A brief thought on pets in Paris. 

There are a lot of Jack Russell Terriers here. Strangely, there are also a lot of wolves being passed off as "dogs." As a resident of Paris, this concerns me. 

Just because you put a leash on that thing does not mean it is a dog. It is clearly a timber wolf that is ready to bite peoples' faces off at any moment. That thing belongs on the pages of the inappropriately dark Brothers Grimm fairytales that ruined my childhood; it does not belong on the streets of Paris. 

I am all for rescuing animals that need homes, but the WEREWOLF at the end of your leash does not need a home. It needs a forest and a deer to devour. 

Then again, if you have a wolf, maybe I should have one too. It's kind of like the SUV syndrome that swept the United States a while back. People thought they needed big cars to defend themselves against all the other big cars on the road. And before we knew it, every other housewife was driving an Escalade, and all the kids wanted this for Christmas:

Do we really want the Wolf War to escalate in the same way? Don't make me get a liger, people.   


snooze said...

False alarm.

1) This appears to be an Alaskan Malamute - not a wolf.

2) Another reason I know it's not a wolf: No one could casually walk a normal wolf (even a "tame" wolf) around big-city streets on a leash. A wolf is an extremely wary and timid animal, and it would soon panic at the noise, traffic and crowds of a city street.

I worked with wolves for some years.

Anonymous said...

yes ma'am this is not a wolf i may be just a kid but i have studied wolves you 8 years.
its face is small and if you look closly you can see the difference in the size face.
go to this link and see.
please i mean no harm don't be upset.
thank you

-Michelle Dolese

Anonymous said...

Forgive me ms., but you're just fooling yourself with all this crap.

First of all, it's clearly not a wolf. You're afraid of something you even don't know..

And besides, did you still fear "the big bad wolf" from those childish stories? I just can't belive it..

I've got an idea for you. Learn more about this animal you fear so much, maybe you'll realize how dump you're acting right now.

Good day to you.

adamwhite22 said...

I disagree with what Snooze said because even though that's not a wolf in the picture, Snooze's "proof" is pretty much exactly the opposite of real proof. First of all, wolves are not "wary and timid." They are aggressive and extreme.

Second of all, you "worked with wolves for some years?" I doubt it. If you really did work with wolves for so long you'd probably be missing your arms because the wolves would've eaten them as a snack on your first day on the job because you thought they were going to be wary and timid, so now you wouldn't have any arms to type with.

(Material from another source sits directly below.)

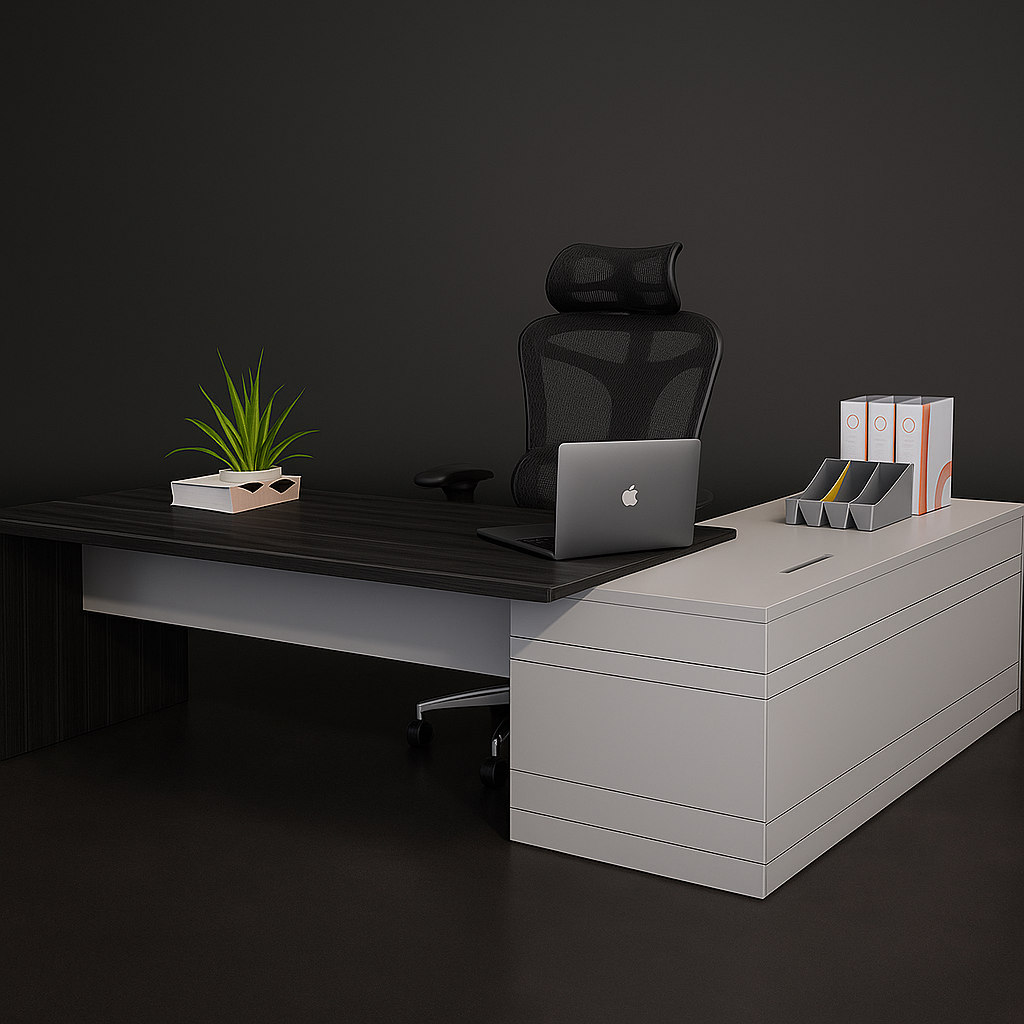 Axen Signature Series – Custom Executive Desk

Another thing I noticed about the picture is that the dog is way too small to be a wolf. Most mature wolves are at least eight feet tall if you measure them from paw to shoulder. Some people think they're smaller than that just because they've never seen a wolf up close. Anything you look at from a distance looks smaller than in real life. Even wolves.

Also, if you DID try to put a leash on a wolf it would immediately hump your leg until your femur detached from your pelvis bone and if you were STILL trying to hold on to its leash after that it would just eat your wrist off like it wasn't a big deal. That's how a wolf's natural instincts work.

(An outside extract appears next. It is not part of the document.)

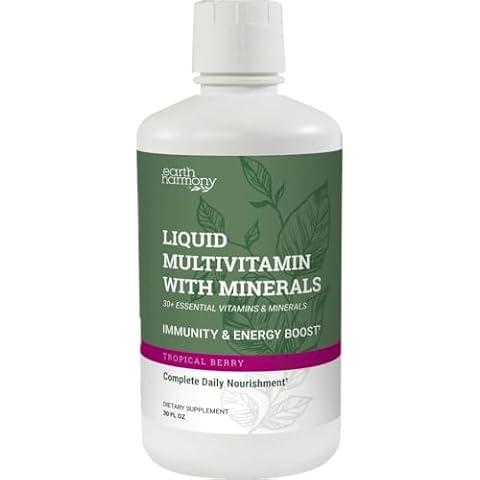 Earth Harmony Liquid Multivitamins Cover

Another thing is that wolves can smell fear from up to a hundred miles away from wherever the fear is.

Anonymous said...

admitwhite 22, u obviously dont know about wolves. my father breed wolves in virgina and trust me, they are shy and timid and they are not aggressive towards ppl, only around small animals, becus of theyr haunting instincts. get your facts right.

Anonymous said...

Clearly adam white and the writer of this both were tramatized by a dog when they were little. I own a wolf. Two in fact, neither one has "humped my leg off", or
"ate my face off."
Also Mr. White, fear has no scent only an expression. A wolf will not react to your expression. Only your actions, so if your not a dipshit around the wolf you will survive.

Anonymous said...

I friend of mine has a wolf. It is the mellowest nicest animal I have seen (and I am not a dog person). The got it as a pup. Raised it with a chihuahua (that is the boss). It has canines top and bottom, retractable eye lid covers and other stuff I surely forgot. They said they spit on its food when it was young so it would learn who the pack leader was and put it on its back when scolding it as a pup. Just chiming in with my personal experience.

Anonymous said...

That's a wolf, guys. How do I know? I was raised by a wolf, two, in fact. The wolf pictured is my uncle, Mort. We all have small heads and three canines of differing lengths. We are not timid because our handlers spat in our food and made us do standup at an early age. We eat poorly dressed toddlers but our favorite is falafel.

B)We are moving to New York as soon as Cindy gets her vericose veins removed.

wolfgirl333 said...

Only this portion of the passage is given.